The features described thus far would only allow for the specification of data parallel operations across contiguous memory. A useful construct would be that of a gather stream, which is a stream of indices into an associated data buffer. This abstraction would essentially allow for random access.
while(in0_count < in0_ntiles) {
if (in0_count < in0_ntiles) {
cb_reserve_back(in0_0, 1);
cb_reserve_back(in0_1, 1);
}
if (in0_count < in0_ntiles) {
uint32_t id = in0_tile_offset + in0_count;
noc_async_read_tile(id, in0_addr_gen, in0_indices_write_ptr);
}
noc_async_read_barrier();
if (in0_count < in0_ntiles) {
uint32_t in0_0_write_ptr = get_write_ptr(in0_0);
uint32_t in0_1_write_ptr = get_write_ptr(in0_1);
uint32_t index;
for (int i = 0; i < 1024; i++) {
index = *(((uint32_t *)in0_indices_write_ptr) + (i * 2 + 0)) * 32;
uint32_t in0_0_offset = i * 2;
noc_async_read(in0_data_dram_noc_addr + index, in0_0_write_ptr + in0_0_offset, 2);
index = *(((uint32_t *)in0_indices_write_ptr) + (i * 2 + 1)) * 32;
uint32_t in0_1_offset = i * 2;
noc_async_read(in0_data_dram_noc_addr + index, in0_1_write_ptr + in0_1_offset, 2);
}
}
noc_async_read_barrier();
if (in0_count < in0_ntiles) {
cb_push_back(in0_0, 1);
cb_push_back(in0_1, 1);
in0_count++;
}
}The above snippet is the generated reader kernel for a gather stream with two accesses per token (e.g for every computation done in parallel, we read two inputs). The Tenstorrent architecture is not optimzed for fine-grained non-contiguous access from DRAM, and I found that attempting to read DRAM addresses that were not 32 byte aligned failed. The naive solution I implemented was to simply pad the data elements such that every record would be at a 32 byte boundary. The reader kernel first reads in a tile of indices, and then each index is used to fetch an element from DRAM and is written to a CB.
This approach is obviously incredibly inefficient, so I included an option to tell the framework to attempt to store the entire data buffer in SRAM. This removes the need for inefficient memory padding and unneeded DRAM accesses.

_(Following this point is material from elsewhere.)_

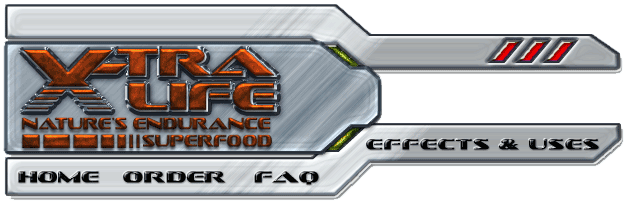 X-Tra Life Video Game Food Header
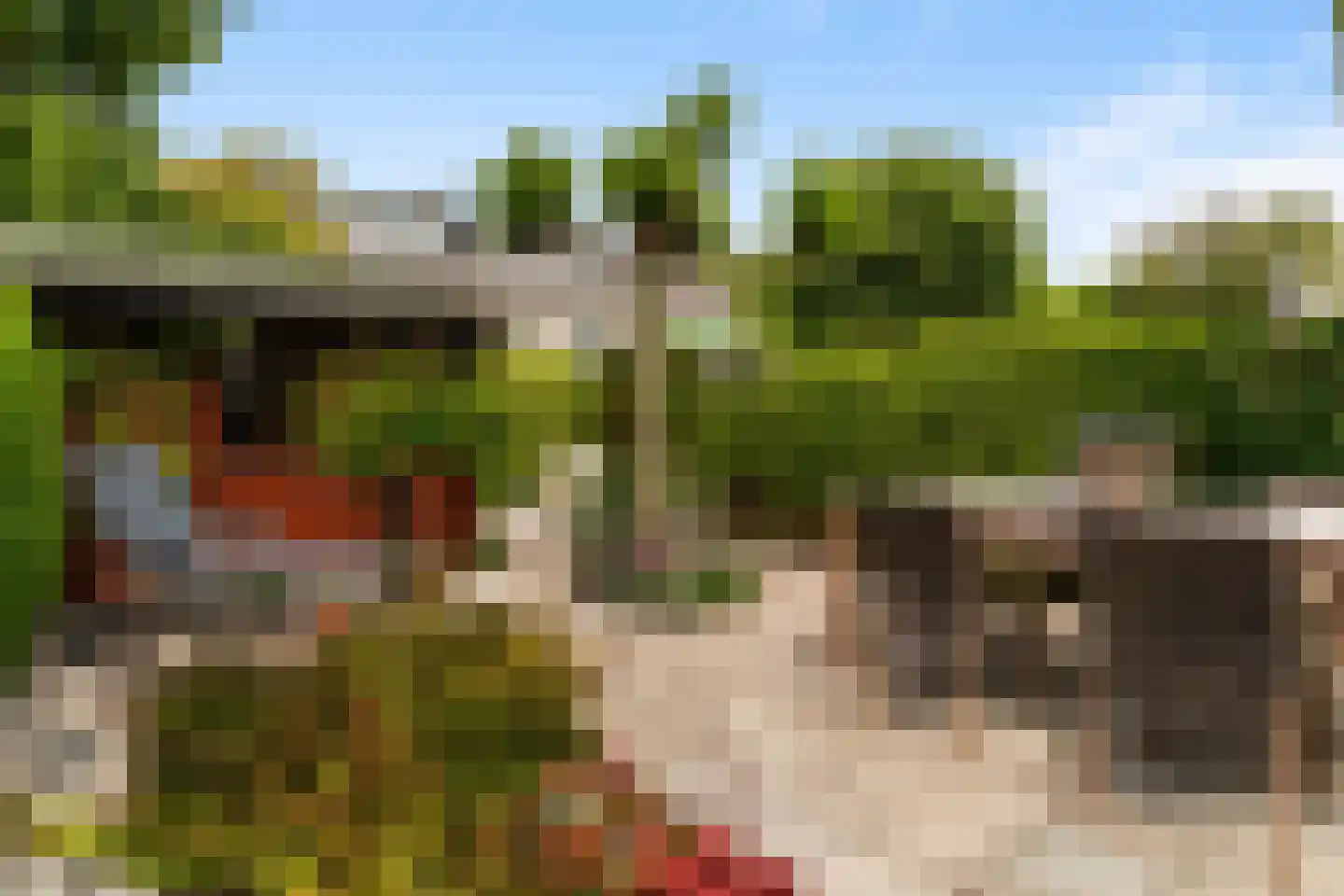 Berliozlaan 19 Rotterdam thumbnail 9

The goal of this project is to act as a proof of concept for how to make Tenstorrent architectures easier to program (similar to how the Brook work tried to do the same for GPUs). The framework automatically handles inter- and intra-Tensix synchronization to a degree, but is still quite limited in it's programming model. Future work could build off of this framework to expose a more intuitive and flexible interface and/or DSL. Additionally, exposing the SRAM scratchpad memories to exploit data re-use should be further explored. I believe that implementing a DSL for a workload such as stencil computations by building off this framework would be feasible, and the regular access patterns of the domain would make it easier to optimally use the scratchpad memories. Compiling CUDA/OpenCL/OpenMP kernels for Tenstorrent hardware would also be extremely interesting, but would require a lot more in mapping more general computation patterns to the dataflow optimzed for TT architecture.
Please email me (seansiddens[at]gmail[dot]com) or DM me on the Tenstorrent discord (@.sren) if you have any further questions/suggestions. Thanks!
This project originated as a class project for a graduate-level high-performance computer architecture course. The associated paper contains additional background motivations and discussion on runtime optimizations.